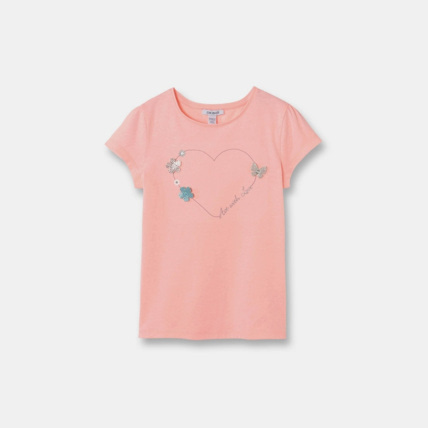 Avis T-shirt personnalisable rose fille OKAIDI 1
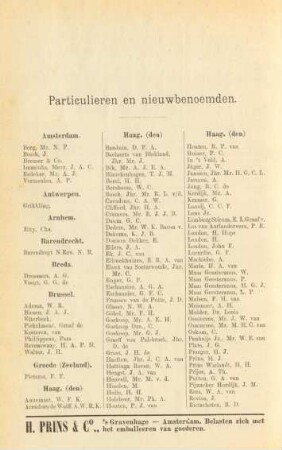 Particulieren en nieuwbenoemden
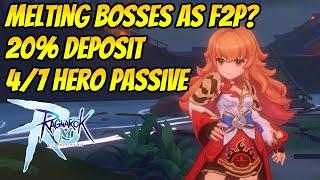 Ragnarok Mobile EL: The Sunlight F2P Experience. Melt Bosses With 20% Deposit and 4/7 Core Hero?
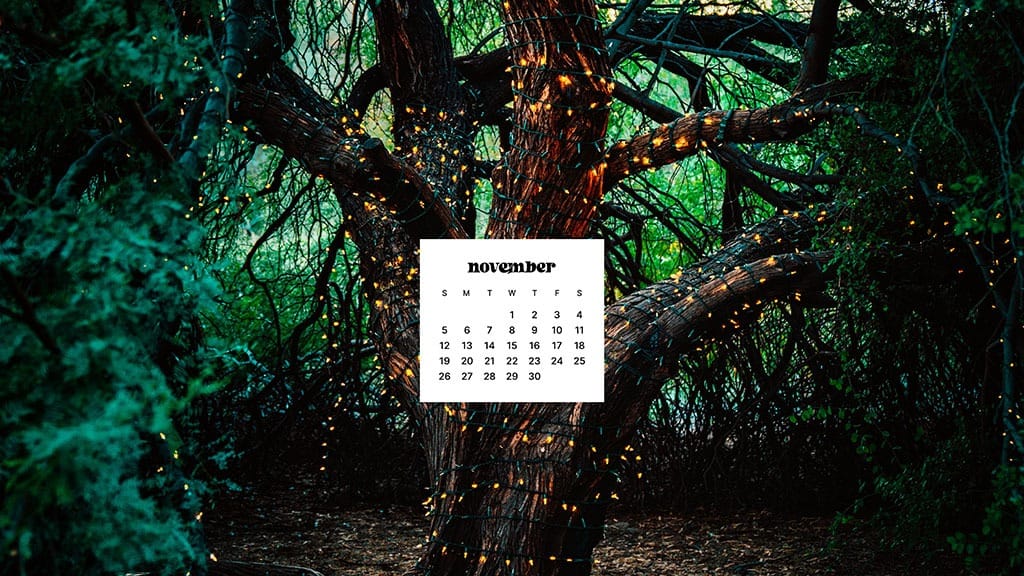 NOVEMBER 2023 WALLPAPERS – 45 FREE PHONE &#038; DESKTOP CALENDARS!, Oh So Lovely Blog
--
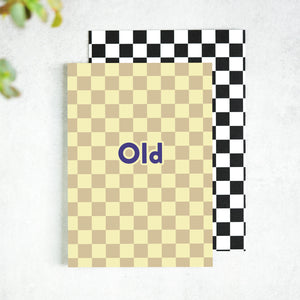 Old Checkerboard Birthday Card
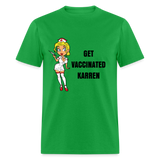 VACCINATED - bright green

■ **PROBLEM REQUIREMENTS**
Everything from the line with "Ragnarok Mobile EL: The" through the line with "NOVEMBER 2023 WALLPAPERS" in the material above should be transcribed exactly, except the pictures.

■ **RESPONSE TO THE EXERCISE**
 Ragnarok Mobile EL: The Sunlight F2P Experience. Melt Bosses With 20% Deposit and 4/7 Core Hero?
 NOVEMBER 2023 WALLPAPERS – 45 FREE PHONE &#038; DESKTOP CALENDARS!, Oh So Lovely Blog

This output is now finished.